DATA EXTRACT:
----------------
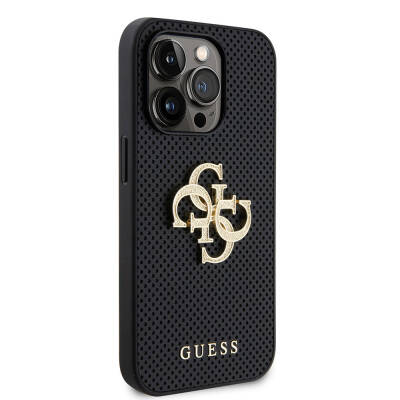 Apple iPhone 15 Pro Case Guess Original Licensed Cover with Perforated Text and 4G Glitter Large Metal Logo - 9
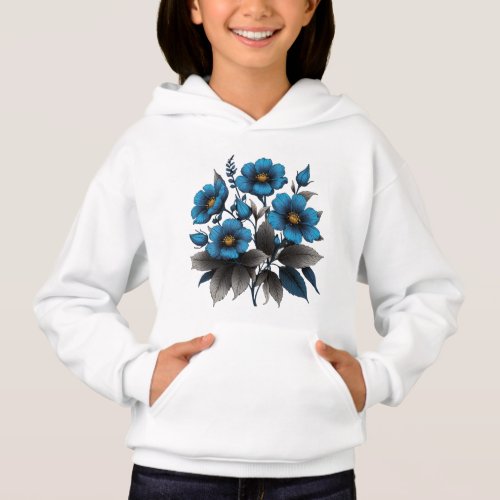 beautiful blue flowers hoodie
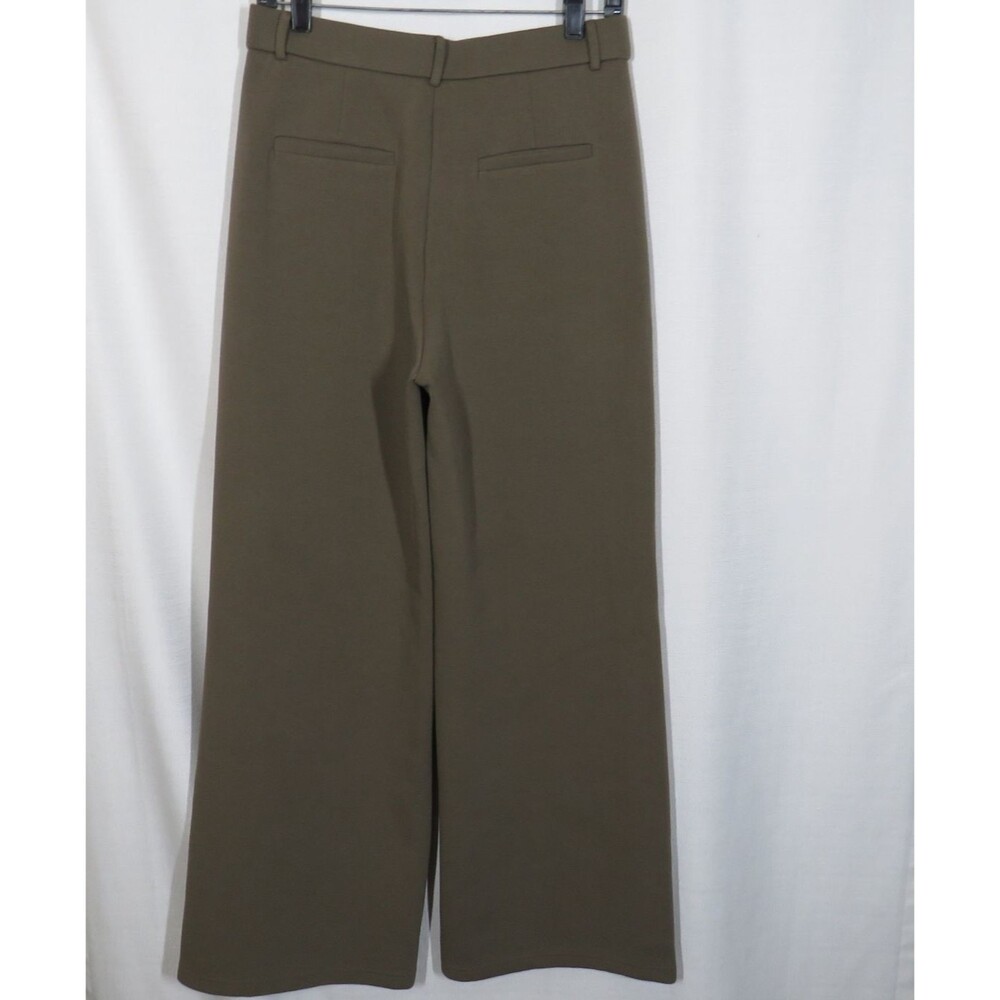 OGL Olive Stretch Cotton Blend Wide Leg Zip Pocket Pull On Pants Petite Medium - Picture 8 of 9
----------------
ASSIGNED TASK: Starting at the line that holds "beautiful blue flowers hoodie", repeat every line through the end of the listing exactly as written, skipping any picture.

RESULT:
 beautiful blue flowers hoodie
 OGL Olive Stretch Cotton Blend Wide Leg Zip Pocket Pull On Pants Petite Medium - Picture 8 of 9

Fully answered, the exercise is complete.